*** SUPPLIED DATA Section Begins ***

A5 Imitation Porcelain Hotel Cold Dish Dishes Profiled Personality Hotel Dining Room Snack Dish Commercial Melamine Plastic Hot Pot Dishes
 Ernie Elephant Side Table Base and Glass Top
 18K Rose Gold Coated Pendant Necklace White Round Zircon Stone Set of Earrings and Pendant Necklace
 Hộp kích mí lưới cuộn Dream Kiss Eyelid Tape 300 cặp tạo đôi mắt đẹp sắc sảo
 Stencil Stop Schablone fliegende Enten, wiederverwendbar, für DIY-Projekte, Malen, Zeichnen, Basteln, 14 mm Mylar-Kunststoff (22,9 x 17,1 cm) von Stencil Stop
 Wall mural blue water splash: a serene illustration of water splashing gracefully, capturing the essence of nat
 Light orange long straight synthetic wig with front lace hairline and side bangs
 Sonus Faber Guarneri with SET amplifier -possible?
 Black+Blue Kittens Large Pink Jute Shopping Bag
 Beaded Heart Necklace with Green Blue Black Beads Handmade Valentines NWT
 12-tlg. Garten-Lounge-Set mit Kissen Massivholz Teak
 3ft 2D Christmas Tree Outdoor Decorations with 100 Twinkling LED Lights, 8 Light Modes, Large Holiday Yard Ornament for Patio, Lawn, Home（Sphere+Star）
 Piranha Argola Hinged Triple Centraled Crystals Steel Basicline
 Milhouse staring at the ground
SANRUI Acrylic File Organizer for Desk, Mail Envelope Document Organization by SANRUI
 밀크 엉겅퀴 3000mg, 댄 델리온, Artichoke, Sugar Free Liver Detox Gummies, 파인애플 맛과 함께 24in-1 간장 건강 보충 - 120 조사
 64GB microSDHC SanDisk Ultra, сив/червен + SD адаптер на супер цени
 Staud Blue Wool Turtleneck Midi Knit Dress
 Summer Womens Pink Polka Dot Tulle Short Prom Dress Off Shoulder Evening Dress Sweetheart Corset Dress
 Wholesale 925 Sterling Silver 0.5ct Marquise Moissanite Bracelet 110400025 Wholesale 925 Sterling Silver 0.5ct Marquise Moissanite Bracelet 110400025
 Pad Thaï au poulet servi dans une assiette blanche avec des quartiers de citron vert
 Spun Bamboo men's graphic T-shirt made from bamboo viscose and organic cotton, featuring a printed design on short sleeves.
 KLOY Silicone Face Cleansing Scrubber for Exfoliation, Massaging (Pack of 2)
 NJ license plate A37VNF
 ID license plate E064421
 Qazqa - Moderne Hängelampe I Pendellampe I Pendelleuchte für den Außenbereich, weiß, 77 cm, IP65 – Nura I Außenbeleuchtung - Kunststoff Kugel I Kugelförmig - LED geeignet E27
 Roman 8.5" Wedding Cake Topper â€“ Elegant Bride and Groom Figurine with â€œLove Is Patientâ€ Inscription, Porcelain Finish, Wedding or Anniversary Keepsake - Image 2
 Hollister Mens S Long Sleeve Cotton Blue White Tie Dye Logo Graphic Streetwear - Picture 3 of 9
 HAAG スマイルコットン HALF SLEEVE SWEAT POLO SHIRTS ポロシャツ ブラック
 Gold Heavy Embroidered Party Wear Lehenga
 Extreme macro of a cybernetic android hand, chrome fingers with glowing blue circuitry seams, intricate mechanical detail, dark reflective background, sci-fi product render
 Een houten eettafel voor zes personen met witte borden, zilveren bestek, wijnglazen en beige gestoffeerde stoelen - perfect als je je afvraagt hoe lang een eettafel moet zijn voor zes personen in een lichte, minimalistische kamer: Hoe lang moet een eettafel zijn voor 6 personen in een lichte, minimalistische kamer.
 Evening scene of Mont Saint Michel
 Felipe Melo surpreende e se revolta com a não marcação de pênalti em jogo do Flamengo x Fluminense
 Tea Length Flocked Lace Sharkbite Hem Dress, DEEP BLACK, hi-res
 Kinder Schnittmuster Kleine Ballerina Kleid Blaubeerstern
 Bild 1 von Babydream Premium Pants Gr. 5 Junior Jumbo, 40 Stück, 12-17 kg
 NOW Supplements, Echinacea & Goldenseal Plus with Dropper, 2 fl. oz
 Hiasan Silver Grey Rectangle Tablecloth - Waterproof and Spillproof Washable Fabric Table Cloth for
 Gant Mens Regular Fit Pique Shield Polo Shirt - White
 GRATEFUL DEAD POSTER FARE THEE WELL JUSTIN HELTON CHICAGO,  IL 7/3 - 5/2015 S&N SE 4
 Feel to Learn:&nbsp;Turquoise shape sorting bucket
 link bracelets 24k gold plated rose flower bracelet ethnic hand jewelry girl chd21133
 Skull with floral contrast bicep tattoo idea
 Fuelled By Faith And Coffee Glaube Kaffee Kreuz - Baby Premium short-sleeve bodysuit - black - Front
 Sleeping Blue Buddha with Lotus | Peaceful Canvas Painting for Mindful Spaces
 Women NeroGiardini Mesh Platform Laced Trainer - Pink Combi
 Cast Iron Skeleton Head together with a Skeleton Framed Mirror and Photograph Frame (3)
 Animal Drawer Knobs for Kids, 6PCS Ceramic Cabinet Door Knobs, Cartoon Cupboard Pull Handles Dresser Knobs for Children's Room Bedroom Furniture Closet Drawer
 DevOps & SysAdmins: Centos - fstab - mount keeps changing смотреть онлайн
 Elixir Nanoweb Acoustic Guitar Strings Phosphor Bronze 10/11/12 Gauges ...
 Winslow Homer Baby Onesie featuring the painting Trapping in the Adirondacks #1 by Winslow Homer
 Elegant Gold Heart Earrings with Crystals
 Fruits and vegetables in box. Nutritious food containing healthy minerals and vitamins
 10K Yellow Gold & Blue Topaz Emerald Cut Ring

*** SUPPLIED DATA Section Ends ***

### EXERCISE DIRECTIONS
Could you reproduce exactly the lines of the entries above, from the one with "Women NeroGiardini Mesh" through the one with "Fruits and vegetables", and nothing else?

### SOLVED PROBLEM
 Women NeroGiardini Mesh Platform Laced Trainer - Pink Combi
 Cast Iron Skeleton Head together with a Skeleton Framed Mirror and Photograph Frame (3)
 Animal Drawer Knobs for Kids, 6PCS Ceramic Cabinet Door Knobs, Cartoon Cupboard Pull Handles Dresser Knobs for Children's Room Bedroom Furniture Closet Drawer
 DevOps & SysAdmins: Centos - fstab - mount keeps changing смотреть онлайн
 Elixir Nanoweb Acoustic Guitar Strings Phosphor Bronze 10/11/12 Gauges ...
 Winslow Homer Baby Onesie featuring the painting Trapping in the Adirondacks #1 by Winslow Homer
 Elegant Gold Heart Earrings with Crystals
 Fruits and vegetables in box. Nutritious food containing healthy minerals and vitamins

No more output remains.